Hypothesis / aims of study
Urinary incontinence (UI) is common in older adults, but its prognostic meaning is uncertain. We hypothesised that higher UI frequency would be associated with worse cardiovascular health and greater 10-year loss of event-free life in adults aged ≥65 years, and that this burden would be driven in part by competing mortality rather than incident cardiovascular disease (CVD) alone.

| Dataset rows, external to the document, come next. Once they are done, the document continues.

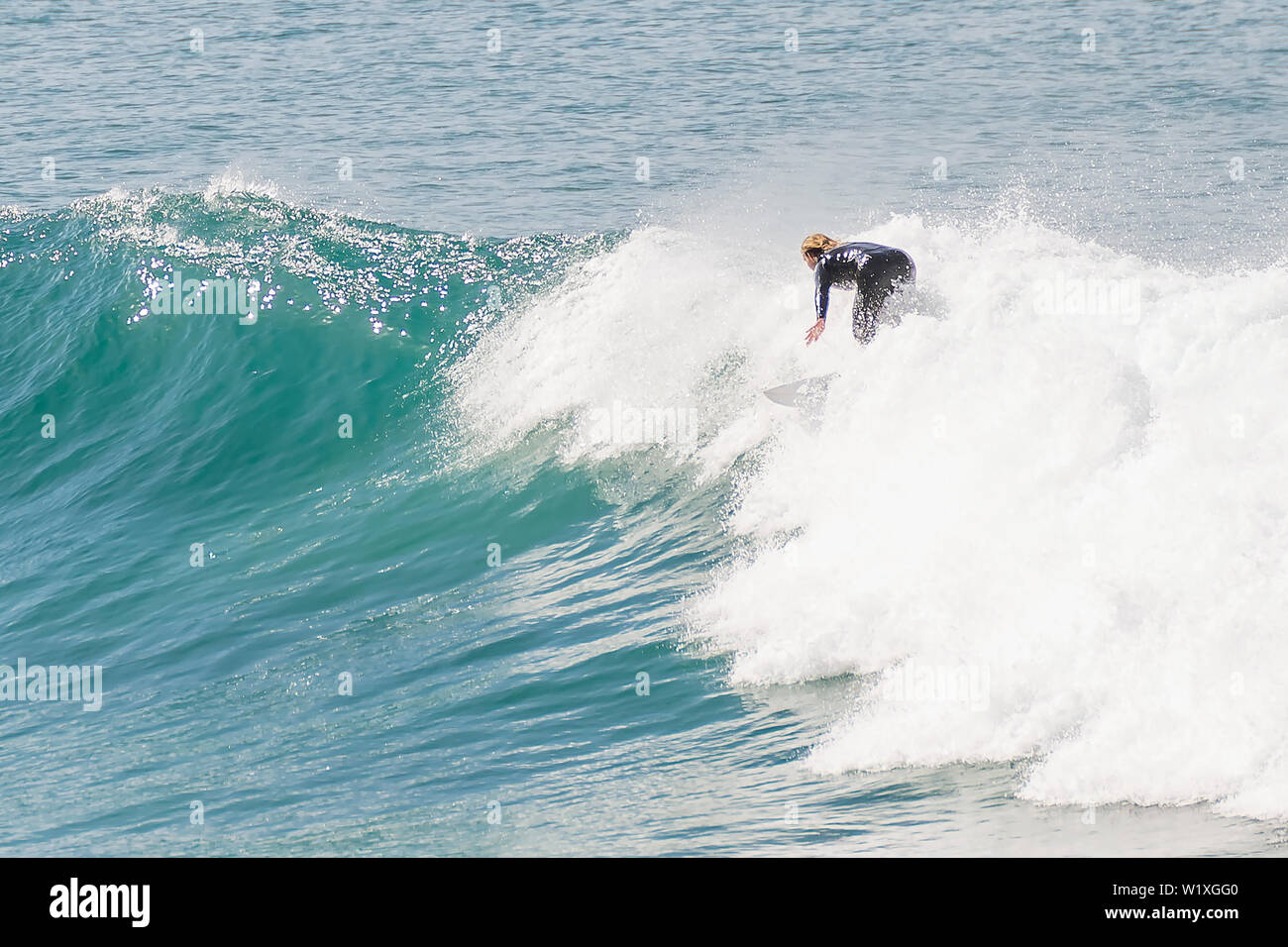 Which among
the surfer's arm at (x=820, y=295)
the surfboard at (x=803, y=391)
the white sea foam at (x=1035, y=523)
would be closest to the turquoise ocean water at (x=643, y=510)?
the white sea foam at (x=1035, y=523)

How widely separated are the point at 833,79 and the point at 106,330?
18.5 m

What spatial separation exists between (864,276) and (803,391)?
3.60 feet

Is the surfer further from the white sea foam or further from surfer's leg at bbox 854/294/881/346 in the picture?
the white sea foam

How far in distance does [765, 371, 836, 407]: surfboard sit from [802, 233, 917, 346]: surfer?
1.61 feet

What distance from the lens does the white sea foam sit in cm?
671

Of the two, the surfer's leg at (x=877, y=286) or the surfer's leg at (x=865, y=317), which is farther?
the surfer's leg at (x=865, y=317)

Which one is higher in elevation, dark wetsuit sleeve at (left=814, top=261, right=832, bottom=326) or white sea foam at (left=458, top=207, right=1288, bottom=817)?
dark wetsuit sleeve at (left=814, top=261, right=832, bottom=326)

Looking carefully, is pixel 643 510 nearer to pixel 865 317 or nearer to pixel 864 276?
pixel 865 317

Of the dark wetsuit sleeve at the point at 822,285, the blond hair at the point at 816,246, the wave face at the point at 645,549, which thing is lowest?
the wave face at the point at 645,549

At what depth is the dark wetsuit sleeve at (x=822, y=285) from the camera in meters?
10.5

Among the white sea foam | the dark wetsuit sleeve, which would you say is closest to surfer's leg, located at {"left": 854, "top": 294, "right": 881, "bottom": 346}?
the white sea foam

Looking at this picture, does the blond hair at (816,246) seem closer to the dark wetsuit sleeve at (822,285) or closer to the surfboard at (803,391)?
the dark wetsuit sleeve at (822,285)

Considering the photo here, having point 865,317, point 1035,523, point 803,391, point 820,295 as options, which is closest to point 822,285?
point 820,295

Study design, materials and methods
We performed a triangulated analysis using two nationally representative US datasets. In the Health and Retirement Study (HRS), we included adults aged ≥65 years without baseline CVD and classified UI frequency as no UI, monthly, weekly, or daily. We modelled incident CVD using Fine–Gray subdistribution hazards with death as a competing event, and all-cause mortality and the composite endpoint (incident CVD or death) using Cox models. We quantified 10-year absolute burden using restricted mean time lost (RMTL), decomposed into loss attributable to incident CVD versus death before CVD. In the National Health and Nutrition Examination Survey (NHANES), we profiled Life’s Essential 8 (LE8) component scores and prevalent CVD according to UI frequency in adults aged ≥65 years. A supplementary continuous dose–response analysis modelled UI frequency as days/month using restricted cubic splines to address the broad weekly category.
Results
In HRS, daily UI was associated with higher all-cause mortality (hazard ratio [HR] 1.49) and higher incident CVD in the older-adult restricted analysis (subdistribution HR 1.29). By 10 years, the composite risk increased from 0.42 in participants without UI to 0.58 in those with daily UI. Daily UI was associated with an additional 0.98 years of event-free time lost by 10 years versus no UI, and most of this excess was attributable to death before CVD (0.76 years) rather than incident CVD (0.22 years). In income-stratified analyses, low-income participants had greater absolute healthspan loss, although multiplicative interaction was not statistically significant. In NHANES, daily UI was associated with lower LE8 component scores, especially for body mass index, blood pressure, glucose, physical activity, and sleep, and with higher prevalent CVD (odds ratio 1.57). The continuous spline analysis showed that risk gradients intensified toward higher frequencies of leakage, supporting clinically relevant heterogeneity within the broad weekly category.
Interpretation of results
Among adults aged ≥65 years, frequent UI appears to function less as an isolated lower urinary tract symptom and more as a marker of systemic vulnerability. The decomposition of time lost suggests that the clinical burden of daily UI is dominated by competing mortality, while NHANES profiles indicate coexisting deficits in modifiable cardiometabolic health domains. Taken together, these findings support interpreting daily UI as a pragmatic clinical trigger for broader cardiovascular and geriatric assessment rather than as a stand-alone CVD surrogate.